Haken guitarist Charlie Griffiths gives the Prog Metal template a paleontological tweak.

Release Date: 17th June 2022

Label: Inside Out Music

Format: digital / CD / LP

After Ross Jennings and Richard Henshell, Charlie Griffiths becomes Haken’s third in line to opt for a solo outing. The guitarist is joined by a range of singers – Tommy Rogers (Between the Buried And Me), Danïel De Jongh (Textures), Vladimir Lalić (Organised Chaos) and Neil Purdy (Luna’s Call) – plus a handful of name guests that include current go-to drummer Darby Todd (Martin Barre, Frost, Devin Townsend, Kaipa), keyboard wizard Jordan Rudess (Dream Theater) and saxophonist Rob Townsend (Steve Hackett).

However, it’s the Griffiths songwriting and guitar prowess that’s the focus of Tiktaalika and for anyone who’s ready to ask the big “WHY?” is Charlie on a solo mission, he provides the answer himself. A simple case of “I picked up the 6 string guitar again, which ironically has become the more unusual option for me, after 10 or so years writing with an 8-string guitar for Haken.’ He’s spoken about how the move shifted him into a different creative headspace, with riff after riff seemingly falling out of the guitar. A journey of rediscovery to all intents and purpose. He calls the creative process “a great form of escapism from my usual environment and I had a lot of fun doing it”.

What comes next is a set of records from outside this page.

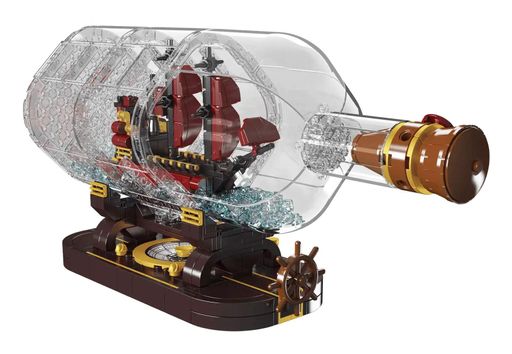 Конструктор Пиратский корабль в бутылке 885 элементов (2008965)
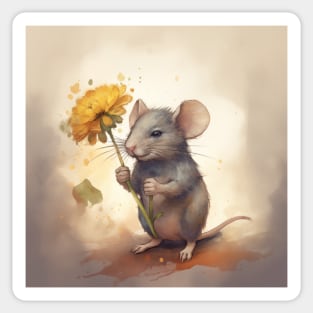 Mouse and Flower Sticker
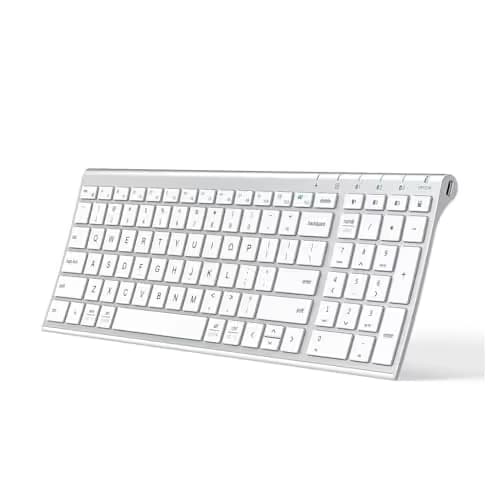 iClever Bluetooth Keyboard, Multi Device Keyboard Rechargeable Bluetooth 5.1 with Number Pad Ergonomic Design Full Size Stable Connection White Keyboard for iOS, Android, Windows image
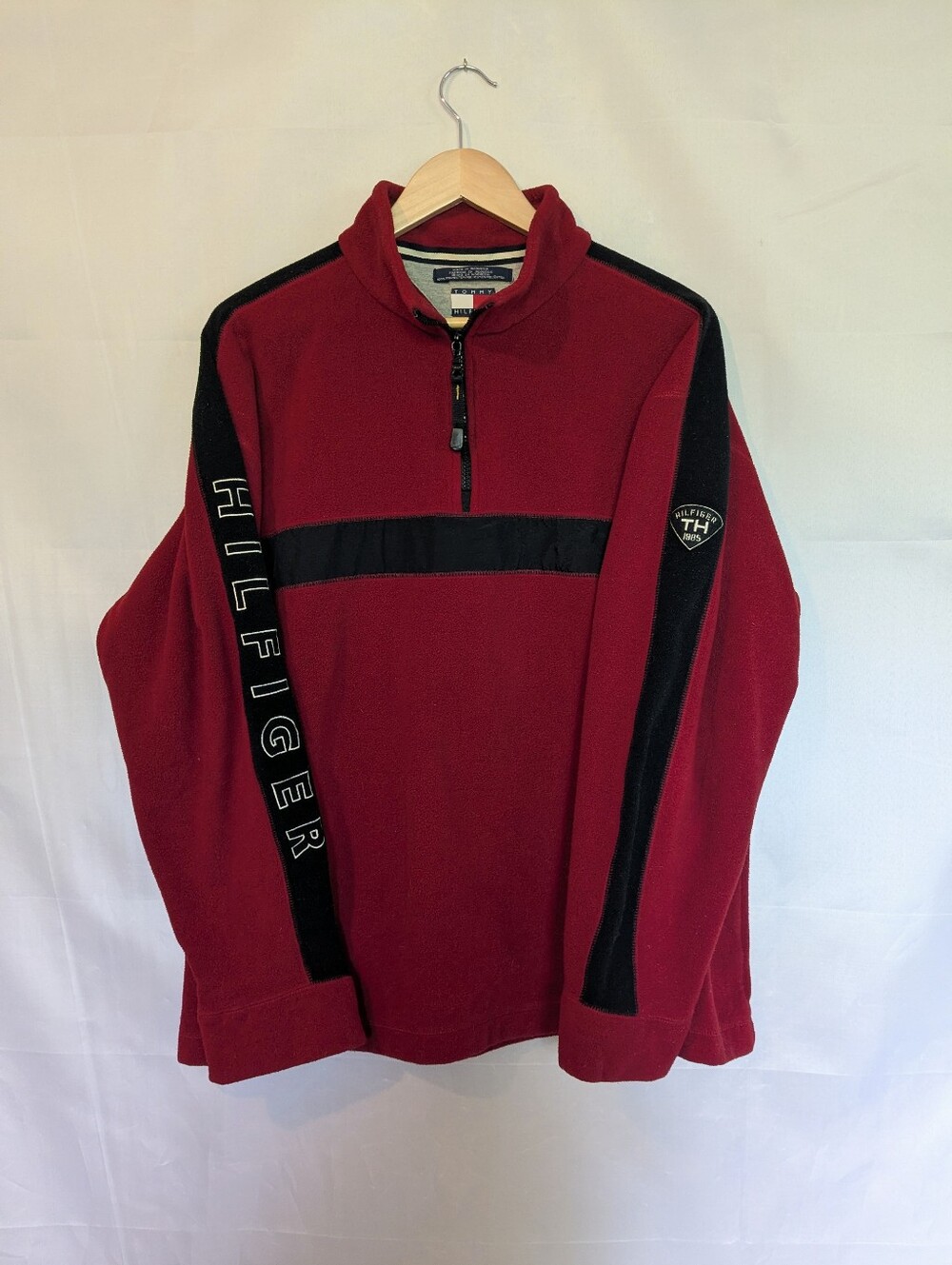 Vintage 90s Y2K Tommy Hilfiger Logo Embroidered Fleece Quarter Zip Pullover XL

Bookended by the gentle introductory lull of Prehistoric Prelude that soon shifts gear and the finale of the sonic battery of Under Polaris – the more notes the better in a severe attack of shredding – Tiktaalika combines and indulges in Charlie Griffith’s love of 80s thrash and 90s tech Metal subgenres with some time travelling back to the prehistory of several million years ago. No need for any proof that he’s a seriously skilled technical guitarist – his proficiency is never in question – the album brings together a mix of brutality and beauty. The old contrast of light and shade coming into play in swathes. There’s nothing more effective than following a relaxing mood with a devastating riposte or emerging from a furious lap of intensity into a heavenly calm.

The only question is can his sidekicks keep up? Darby Todd certainly proves his mettle and his current high-ranking status by not only keeping pace but occasionally stretching his neck ahead of the main man, pushing the tempos to infinity and beyond. The growling vocal on Arctic Cemetery only adds to the power and aggression, in stark contrast to the soft picking, the dreamy atmospheres and lullaby vocal that appear in Luminous Beings that follows immediately. The calm after the storm; the beauty and the beast thing that’s an ongoing feature of Tiktaalika.

And like the beast from which the album takes its name, the music is huge and given a crisp and clear production quality. And it’s bold, often intimidating; the lulls offer a sense of (false?) security before the creature raises a threatening head again. The pairing of In Alluvium and Dead In The Water is a potent mix; the latter thunders relentlessly picking up and running with the drama hinted at in the former. On first hearing, it’s both striking and possibly the immediate highlight of the album. The opening part could easily fit seamlessly onto Tool’s Fear Inoculum album.

The title track provides the instrumental centrepiece, the opening passge working the same ballpark as Lark’s Tongues In Aspic – could be part..whatever KC are currently up to. That’s before the styles come and go with the regularity of the tides, the monster raising its head once more as machine gun riffing gives way to pastoral mellowness, a contribution from the bank of weird noises and some mesmeric shredding. ANyone familiar with Charlie’s work in Haken (you probably wouldn’t be reading or listening if you weren’t) can admire the ambition in some impressive writing and playing. With Charlie Griffiths, you wouldn’t expect anything less.